* Exercise data *
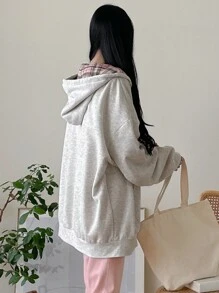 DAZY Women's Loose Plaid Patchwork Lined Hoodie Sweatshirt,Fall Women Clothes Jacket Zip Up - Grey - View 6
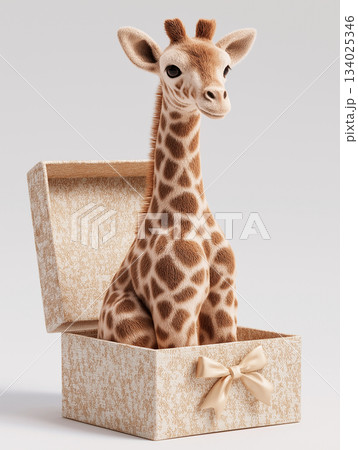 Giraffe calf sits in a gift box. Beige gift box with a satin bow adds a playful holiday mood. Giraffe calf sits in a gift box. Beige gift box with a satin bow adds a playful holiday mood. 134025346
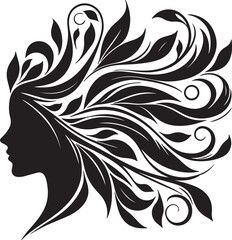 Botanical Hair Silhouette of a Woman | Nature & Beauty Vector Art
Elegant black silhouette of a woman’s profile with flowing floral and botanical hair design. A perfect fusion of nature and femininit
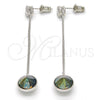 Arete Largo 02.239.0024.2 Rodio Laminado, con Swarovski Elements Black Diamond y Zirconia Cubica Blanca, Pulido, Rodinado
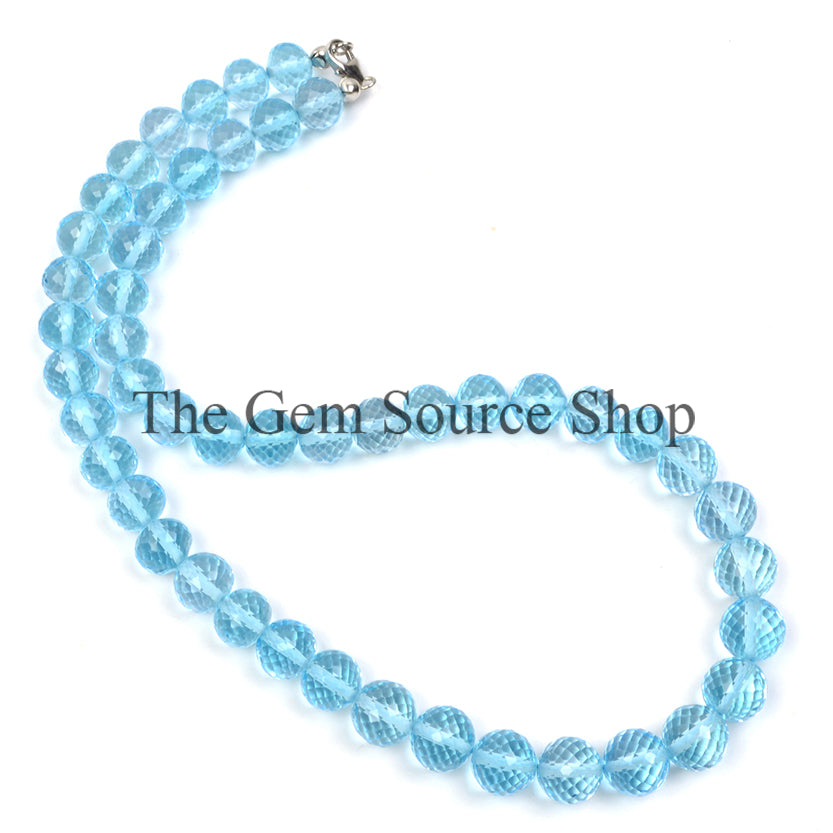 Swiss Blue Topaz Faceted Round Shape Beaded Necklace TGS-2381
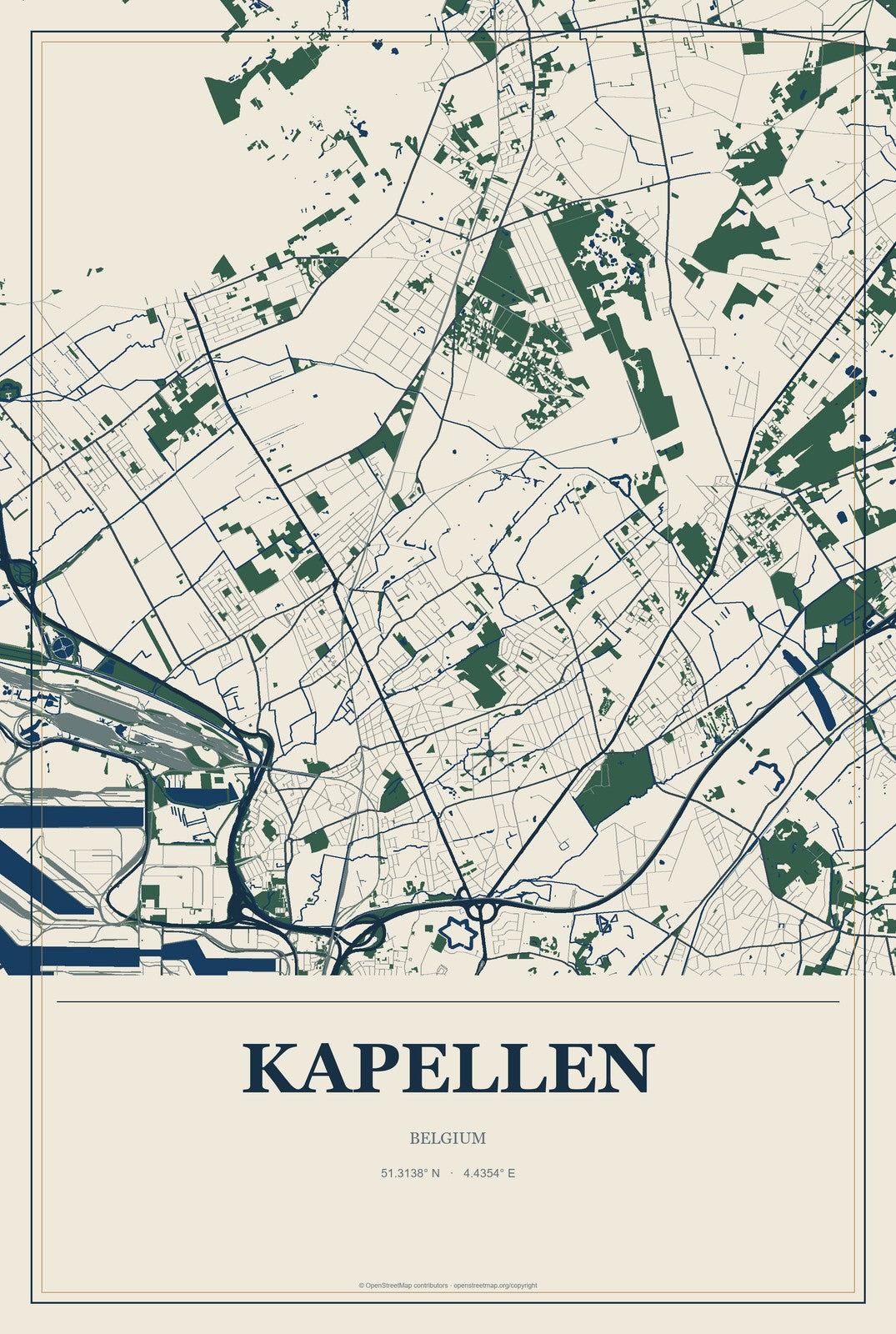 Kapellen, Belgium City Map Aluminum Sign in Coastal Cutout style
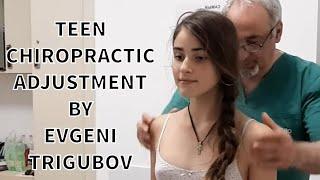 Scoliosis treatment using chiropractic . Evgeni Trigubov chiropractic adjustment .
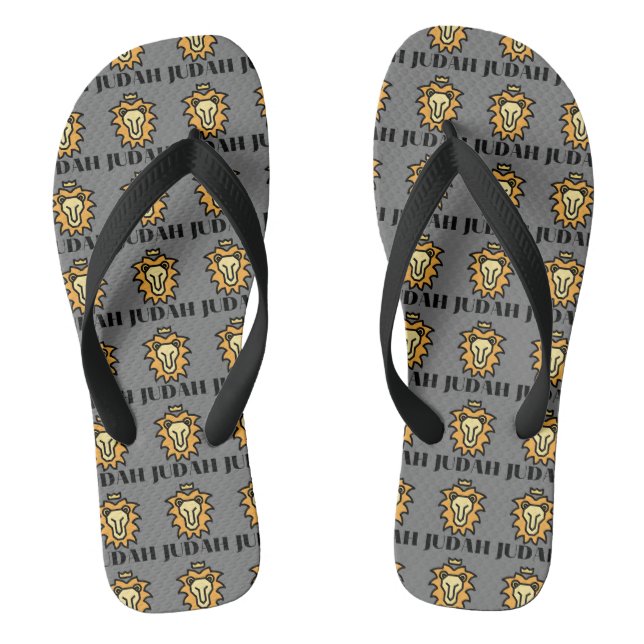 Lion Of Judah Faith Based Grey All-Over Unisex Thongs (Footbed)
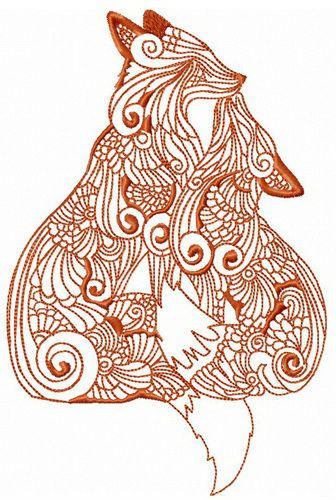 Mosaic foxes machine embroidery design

* What needs to be done *
What you return must match the material above exactly, minus its pictures.

* Response box *
 DAZY Women's Loose Plaid Patchwork Lined Hoodie Sweatshirt,Fall Women Clothes Jacket Zip Up - Grey - View 6
 Giraffe calf sits in a gift box. Beige gift box with a satin bow adds a playful holiday mood. Giraffe calf sits in a gift box. Beige gift box with a satin bow adds a playful holiday mood. 134025346
 Botanical Hair Silhouette of a Woman | Nature & Beauty Vector Art
Elegant black silhouette of a woman’s profile with flowing floral and botanical hair design. A perfect fusion of nature and femininit
 Arete Largo 02.239.0024.2 Rodio Laminado, con Swarovski Elements Black Diamond y Zirconia Cubica Blanca, Pulido, Rodinado
 Swiss Blue Topaz Faceted Round Shape Beaded Necklace TGS-2381
 Kapellen, Belgium City Map Aluminum Sign in Coastal Cutout style
 Scoliosis treatment using chiropractic . Evgeni Trigubov chiropractic adjustment .
 Lion Of Judah Faith Based Grey All-Over Unisex Thongs (Footbed)
 Mosaic foxes machine embroidery design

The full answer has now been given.